● Aim of the task
Reproduce the listing exactly. Omit pictures.

● Given information
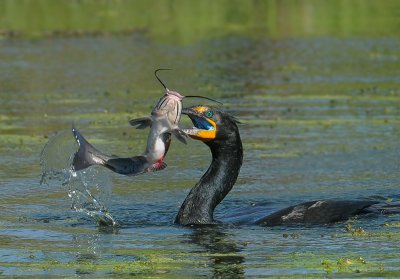Anhinga's, Cormorants and Pelicans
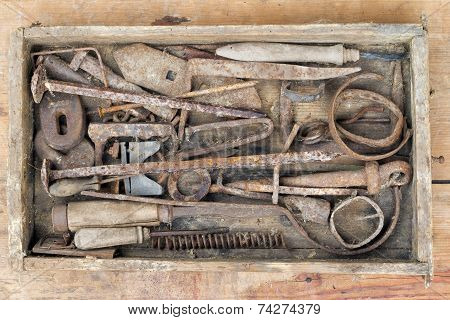Old And Rusty Hand Tool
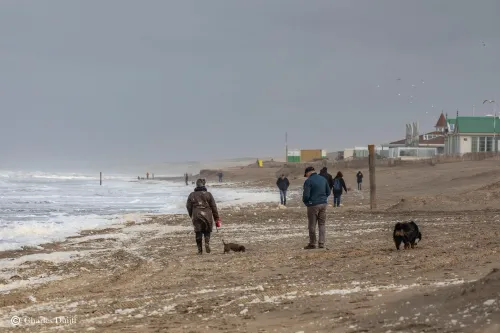noordwijk strand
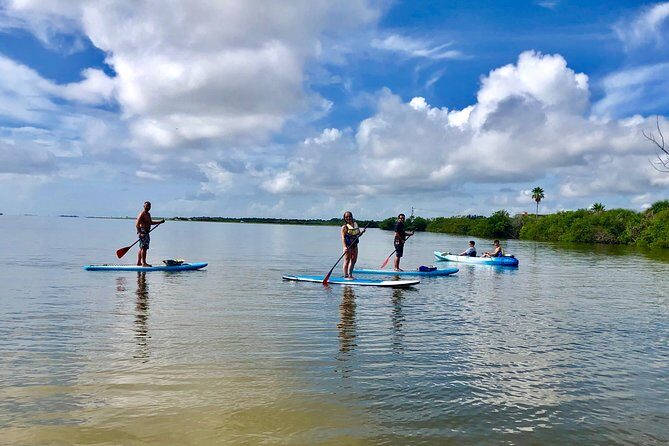 Paddle Board or Kayak Eco Dolphin Manatee Tour - The Real Experience: What Do Travelers Say?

● Response area
Anhinga's, Cormorants and Pelicans
Old And Rusty Hand Tool
noordwijk strand
 Paddle Board or Kayak Eco Dolphin Manatee Tour - The Real Experience: What Do Travelers Say?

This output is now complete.